> [Exercise materials]
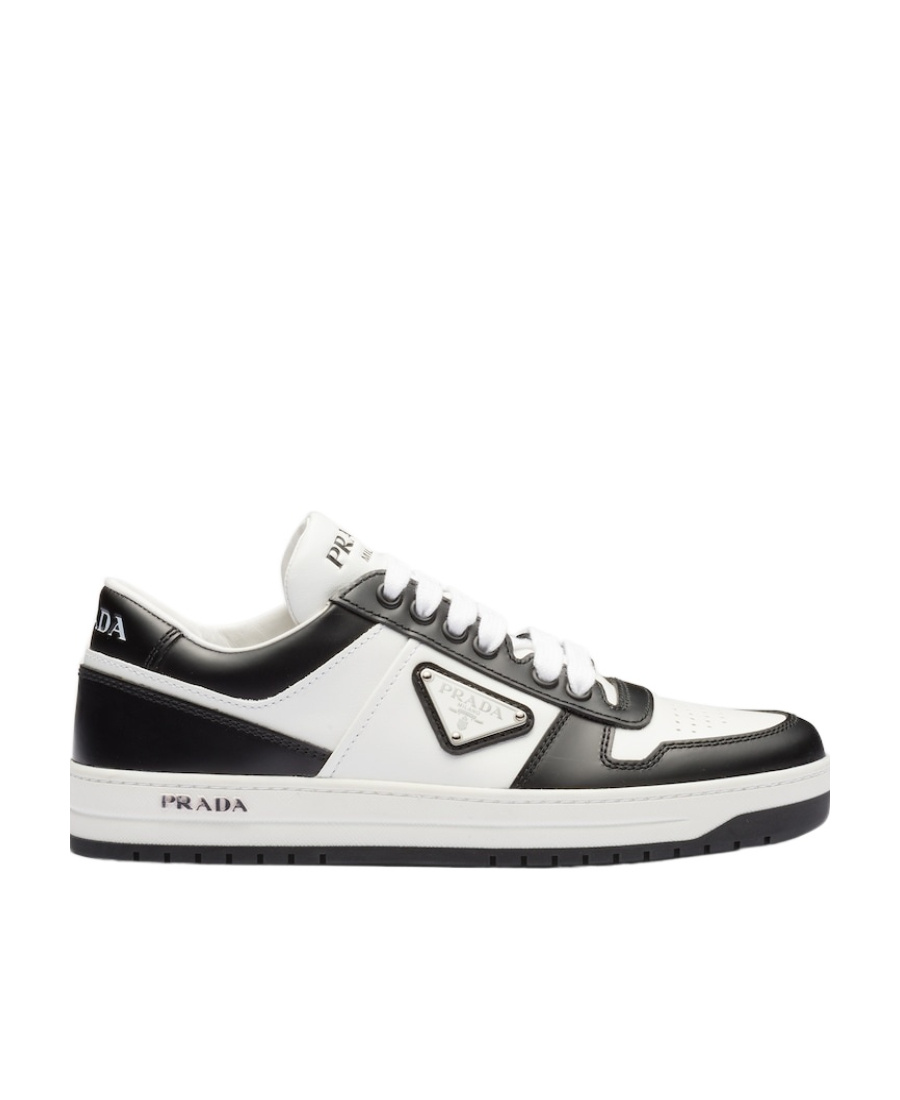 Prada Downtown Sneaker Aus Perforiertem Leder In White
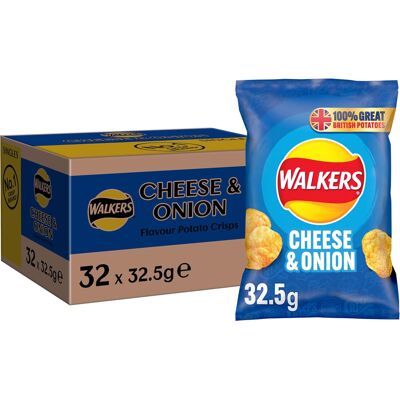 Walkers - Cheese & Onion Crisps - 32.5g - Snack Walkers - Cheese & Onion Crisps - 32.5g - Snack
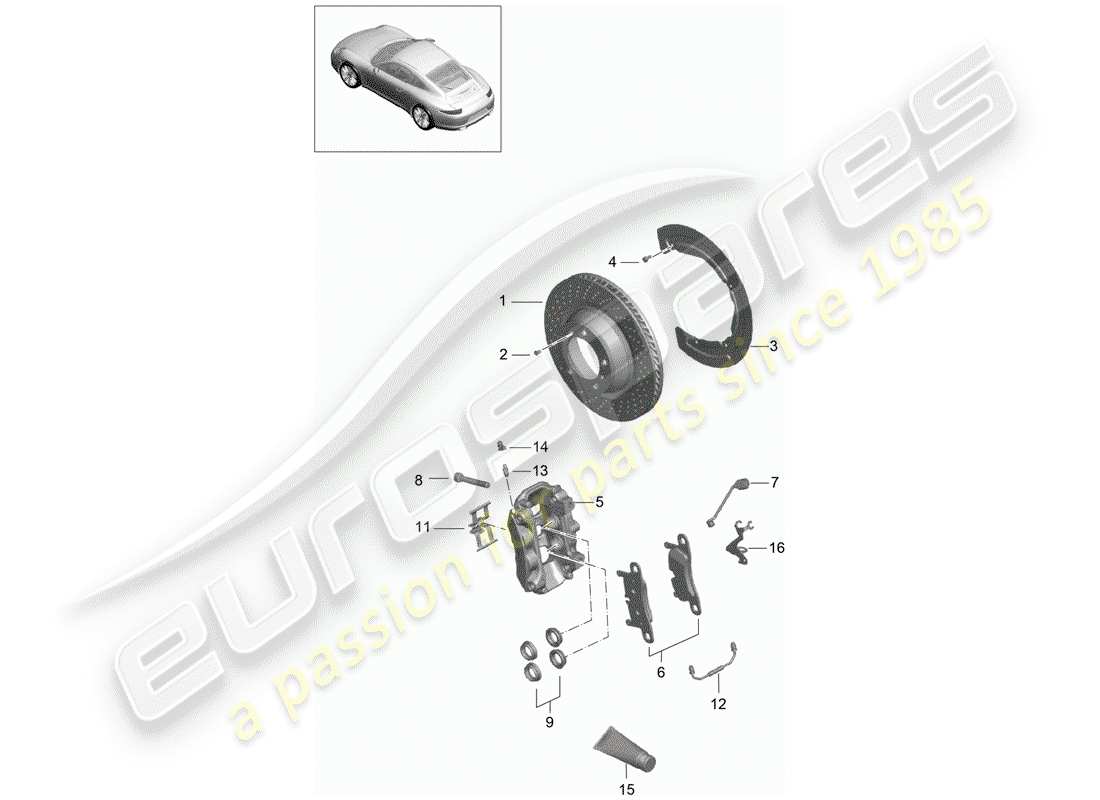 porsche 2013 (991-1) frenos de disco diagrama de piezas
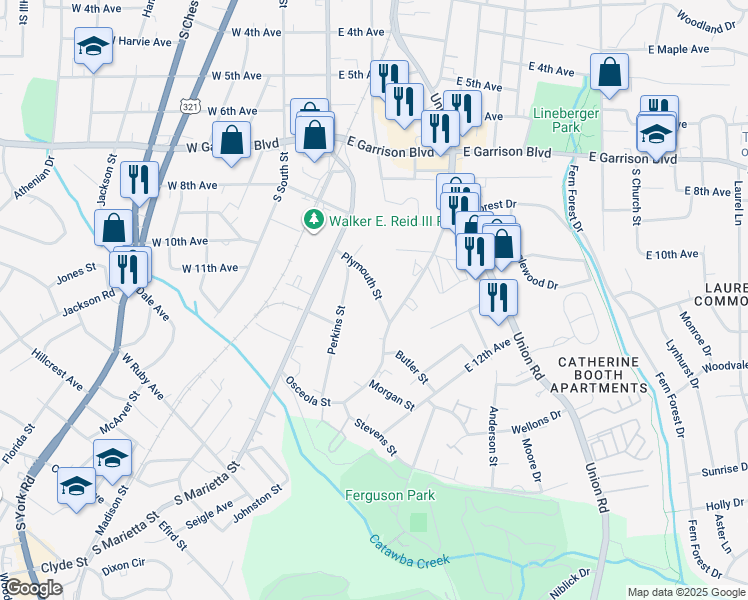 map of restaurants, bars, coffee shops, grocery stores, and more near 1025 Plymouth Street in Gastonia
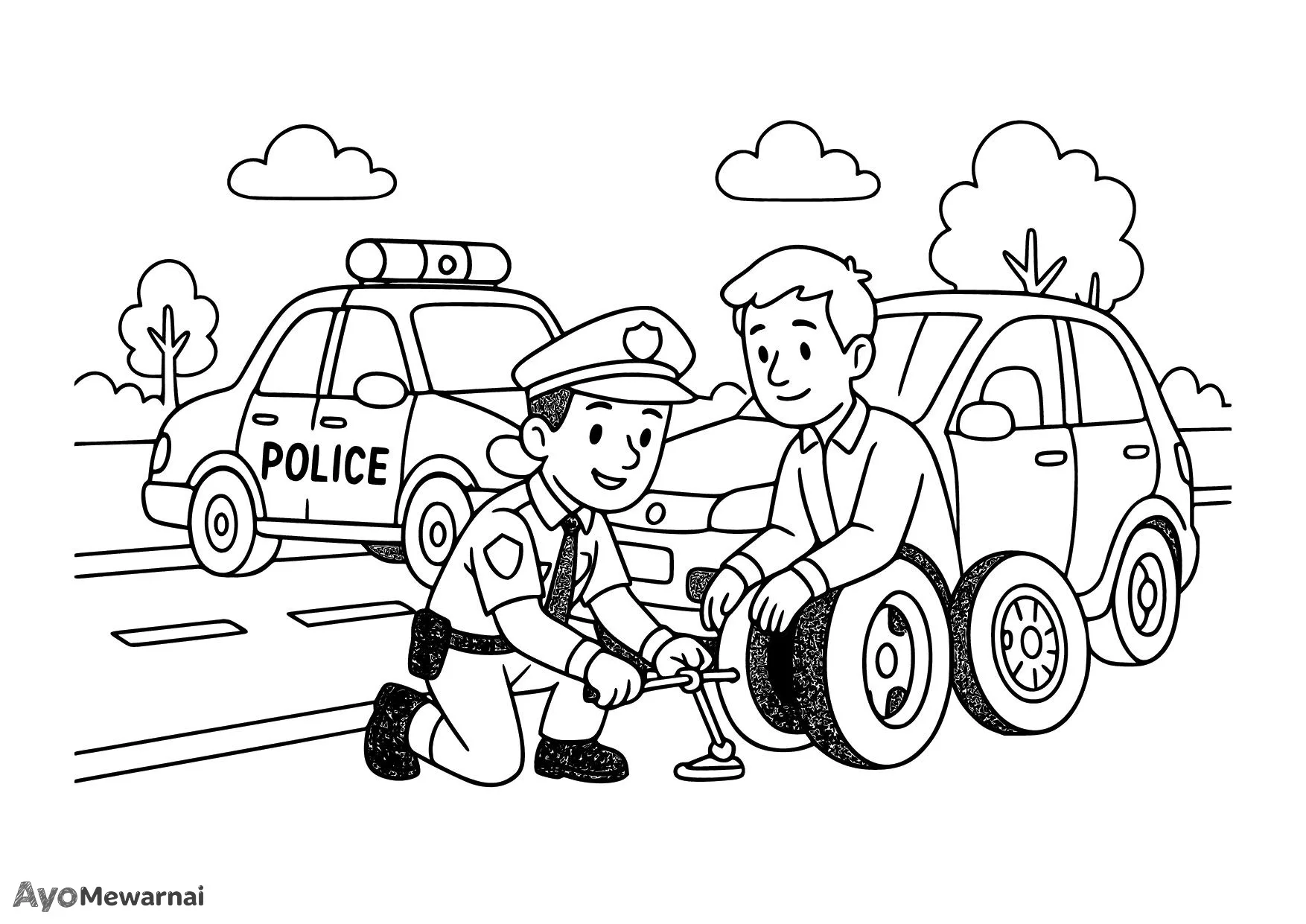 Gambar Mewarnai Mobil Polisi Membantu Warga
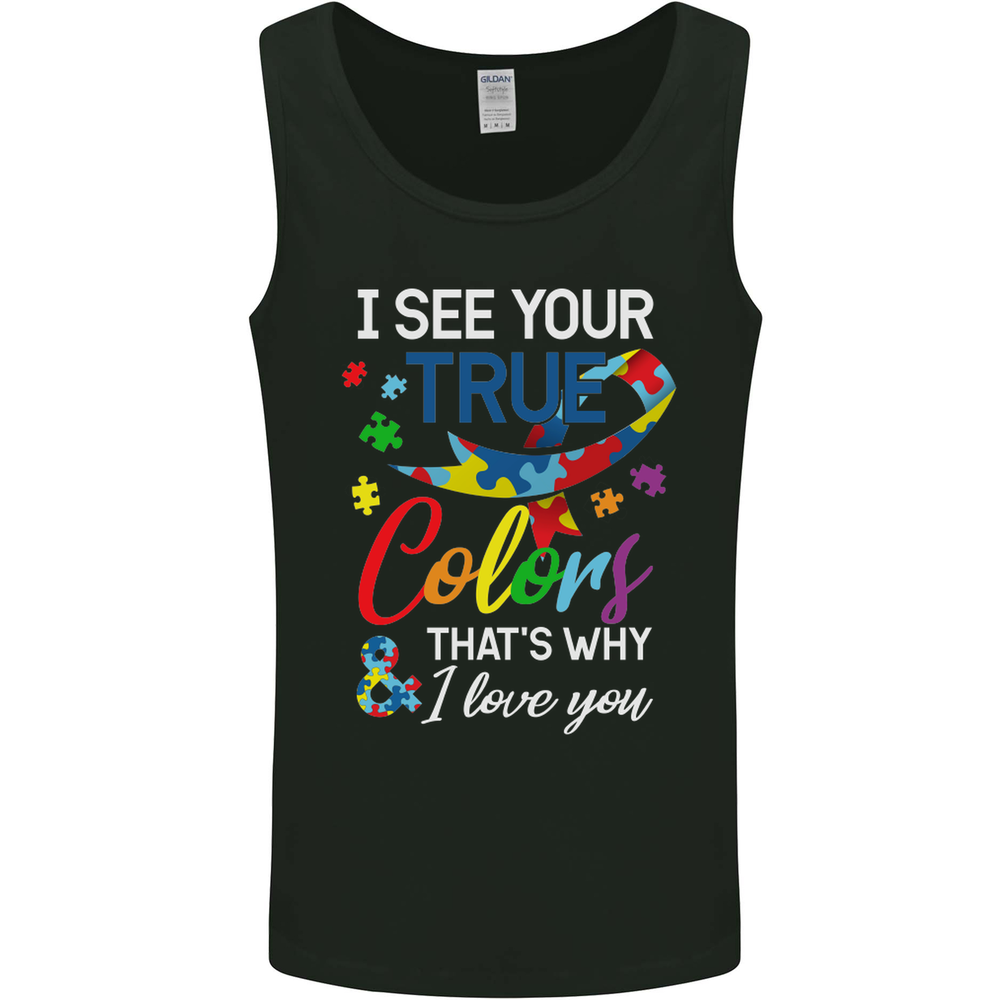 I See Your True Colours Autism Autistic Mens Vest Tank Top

> [Assignment] Please copy every record above exactly, but leave the pictures out.

> [Written solution]
 Prada Downtown Sneaker Aus Perforiertem Leder In White
 Walkers - Cheese & Onion Crisps - 32.5g - Snack Walkers - Cheese & Onion Crisps - 32.5g - Snack
 porsche 2013 (991-1) frenos de disco diagrama de piezas
 map of restaurants, bars, coffee shops, grocery stores, and more near 1025 Plymouth Street in Gastonia
 Gambar Mewarnai Mobil Polisi Membantu Warga
 I See Your True Colours Autism Autistic Mens Vest Tank Top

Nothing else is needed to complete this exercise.